■ WHAT IS NEEDED
Using the records below, transcribe word for word the stretch from the line that contains "Maison - 181 m² - 8 pièces" through the line that contains "Apartamento T2 para", both end lines included, and nothing else.

■ THE RECORDS
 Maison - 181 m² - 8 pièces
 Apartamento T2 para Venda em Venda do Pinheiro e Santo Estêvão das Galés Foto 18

==

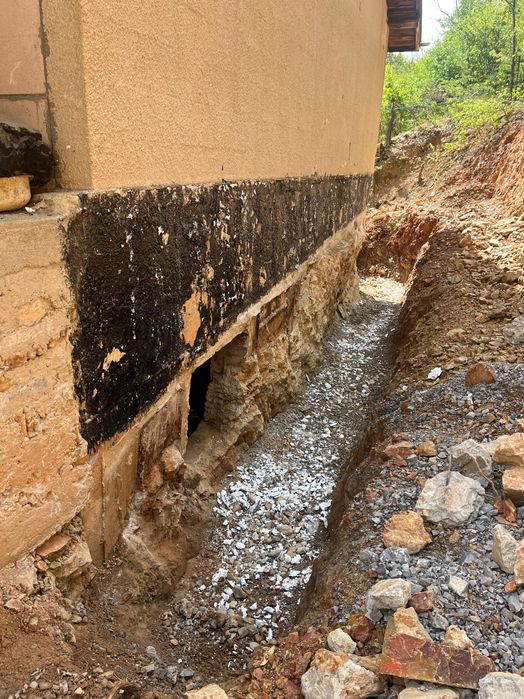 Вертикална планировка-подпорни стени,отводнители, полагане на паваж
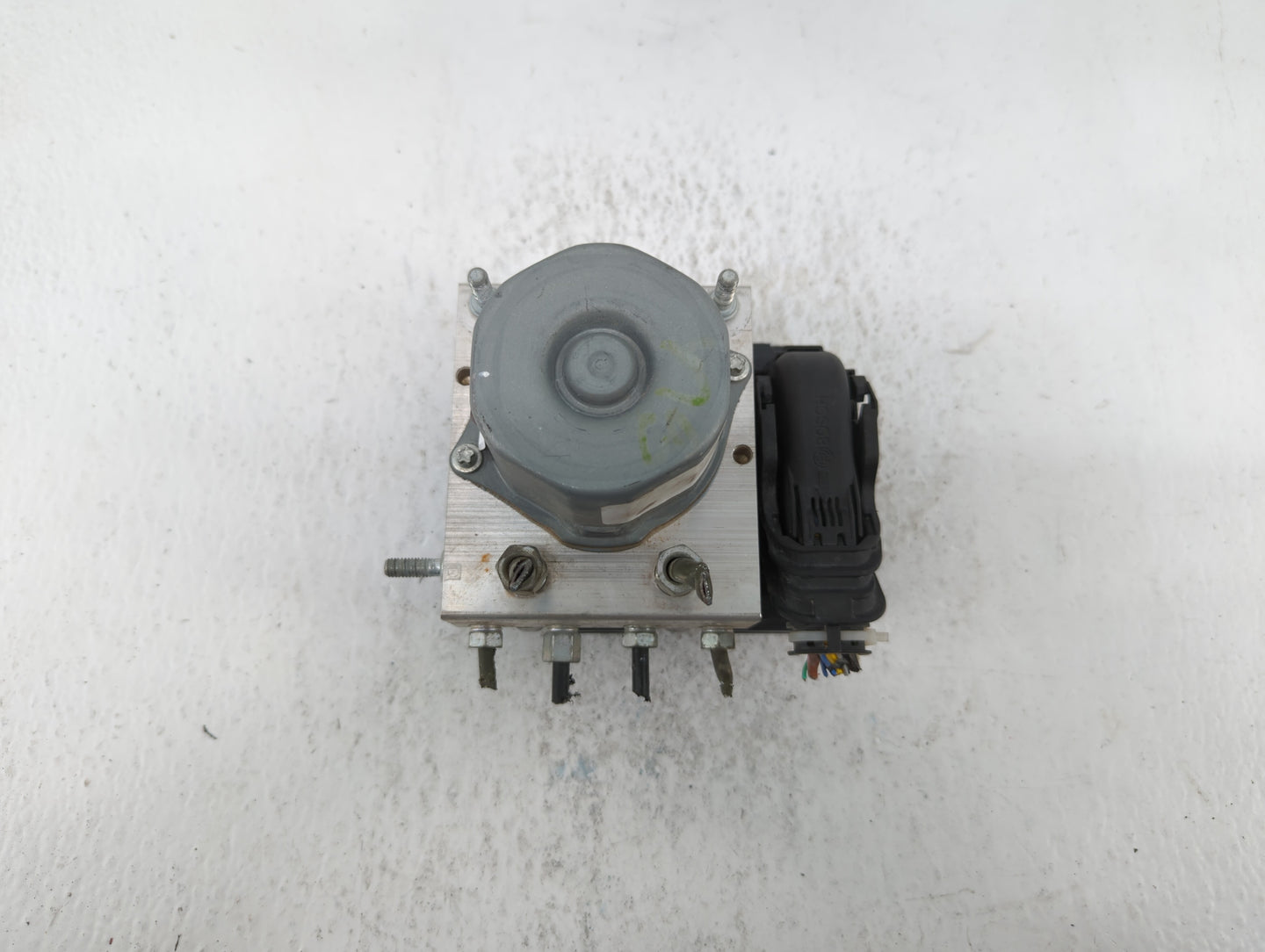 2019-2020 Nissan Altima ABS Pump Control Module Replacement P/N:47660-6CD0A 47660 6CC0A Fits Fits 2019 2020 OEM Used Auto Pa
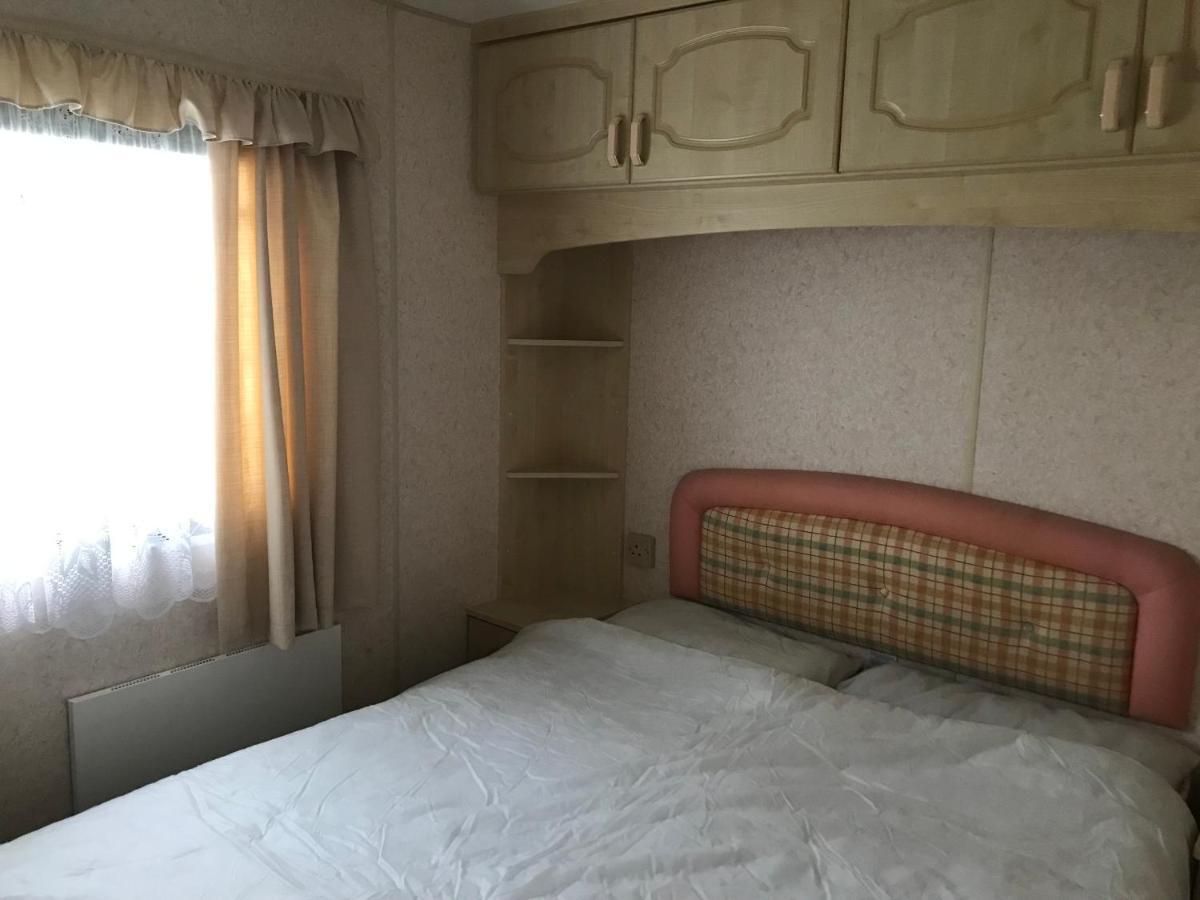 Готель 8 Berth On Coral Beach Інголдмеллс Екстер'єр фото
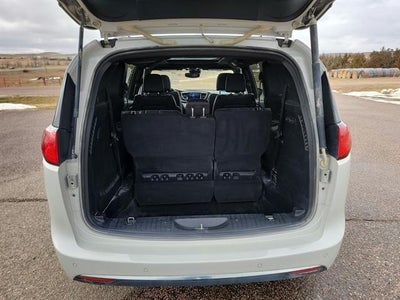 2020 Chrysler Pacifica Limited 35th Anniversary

--

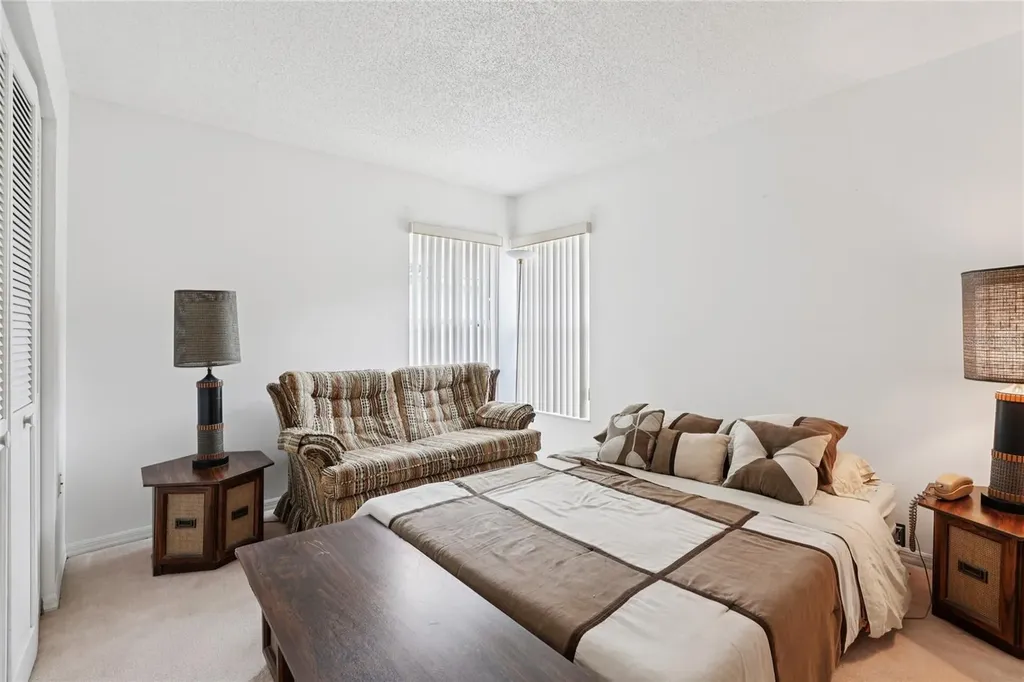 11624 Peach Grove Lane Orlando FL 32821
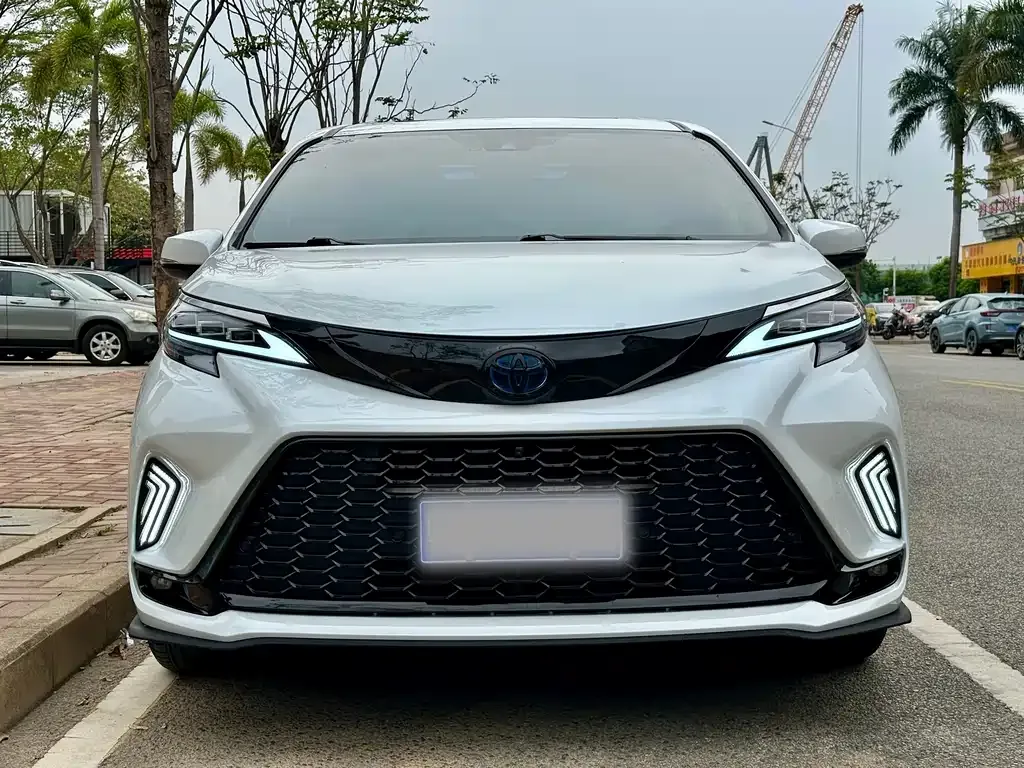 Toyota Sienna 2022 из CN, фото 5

■ RESPONSE
 Maison - 181 m² - 8 pièces
 Apartamento T2 para Venda em Venda do Pinheiro e Santo Estêvão das Galés Foto 18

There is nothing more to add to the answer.